Ma come si fa a sostenere "la crescita" se le imprese non investono, non assumono, e le banche non prestano?
Qui
Draghi in versione "espansiva" si ritrova stoppato da se stesso in
versione Bundesbank: senza «la sostenibilità dei conti pubblici non è
possibile una crescita duratura, soprattutto per i paesi più
indebitati». Il ragionamento qui diventa un loop, senza via d'uscita.
Cosa
consiglia di fare, infatti? Per «mitigare» gli effetti recessivi del
risanamento dei conti i governi dovrebbero privilegiare «le riduzioni di
spesa pubblica corrente e quella delle tasse», specie le seconde fuori
da ogni «confronto internazionale». Ma tagliare la spesa corrente -
stipendi, forniture, servizi, sussidi - significa in condizioni di
recessione prolungata far diminuire immediatamente anche la domanda,
quindi inibire le imprese dal proseguire o sviluppare la loro attività.
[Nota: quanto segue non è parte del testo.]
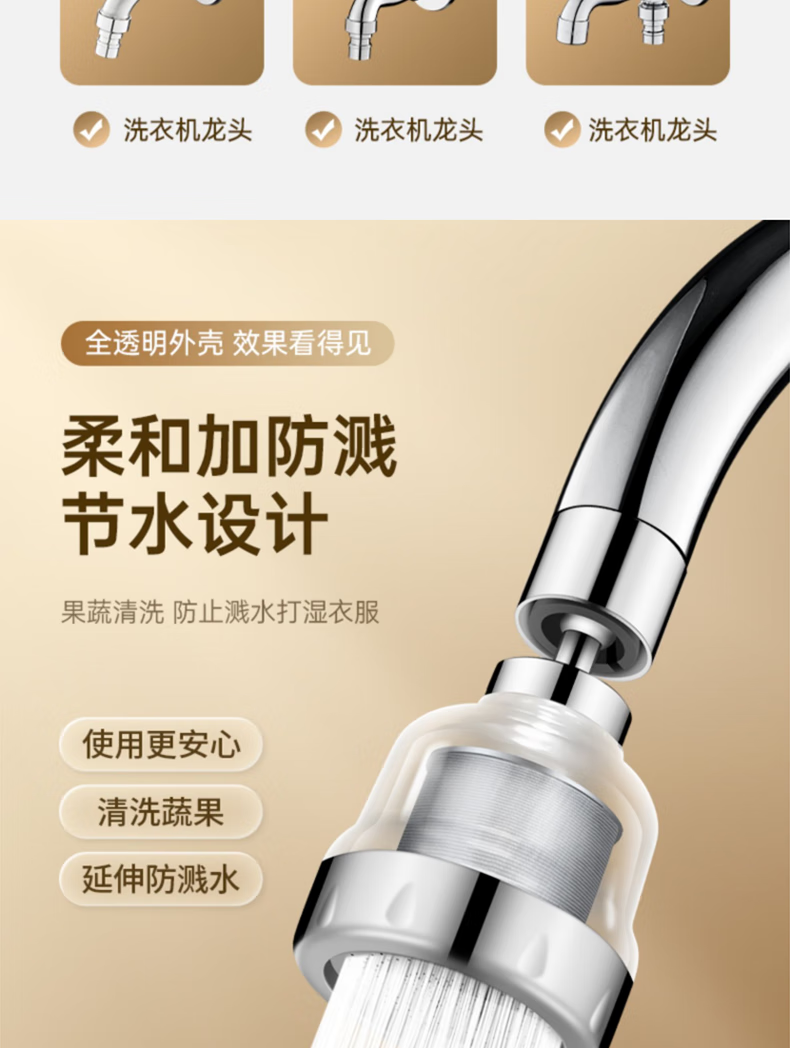 Фильтр для воды 水龙头过滤器家用宿舍自来水过滤嘴厨房龙头延伸器增压防溅头神器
Insomma: si aumenta la depressione, invece di diminuirla. Mentre
all'opposto lavorerebbe una diminuzione delle tasse, peraltro resa
impossibile proprio dalle necessità di spesa dello Stato. Altro loop, nessuna soluzione.
Eppure sa benissimo che una delle cause del pessimo stato dell'economia italiana - oltre al comportamto "anticapitalistico" di buonaparte delle imprese, specie medio-piccole
- risiede nella straordinaria diseguaglianza tra i redditi in questo
paese. E' lui stesso infatti a citare «una tendenza alla concentrazione
dei redditi delle famiglie che penalizza i più deboli». Mentre, al
contrario, una più equa distribuzione del reddito potrebbe aumentare la
coesione sociale. Certo, servirebbero "riforme strutturali" capaci di
eliminare "le posizioni di rendita". Ma quali sono le "posizioni di
rendita" da combattere? Quelle degli immobiliaristi e delle banche, per
dirne solo due, o i diritti dei lavoratori dipendenti?
Per Draghi,
«Una più equa partecipazione ai frutti della produzione della ricchezza
nazionale contribuisce a diffondere la cultura del risparmio e, dunque,
della compartecipazione. Sentirsi parte integrante della nazione e
cointeressati alle sue sorti economiche aumenta la coesione sociale e
incentiva comportamenti economici individuali che conducono,
nell'aggregato, al successo economico della collettività». Verissimo. Se
consigliasse un'altra politica economica sarebbe anche coerente.
Gli
strumenti che lui ha, e che promette di usare, sono ben pochi. Un
ulteriore taglio dei tassi di interesse (già ora allo 0,5%, ormai al
limite delle possibilità di "ritocco") e acquisti di titoli di stato dei
paesi in difficoltà (in modo però mascherato e condizionando i singoli
paesi a misure di taglio ancora più consistenti). I governi nazionali, a
voler essere precisi, ne hanno ancora meno.
Quindi non ci resta
che riprendere in mano il gusto della "protesta", visto che mostrano
attenzione e preoccupazione solo quando questa si leva. In modo logico,
avvertito, determinato, consapevole. Ma protesta forte, estesa,
radicale. Altrimenti continueranno a fare disastri.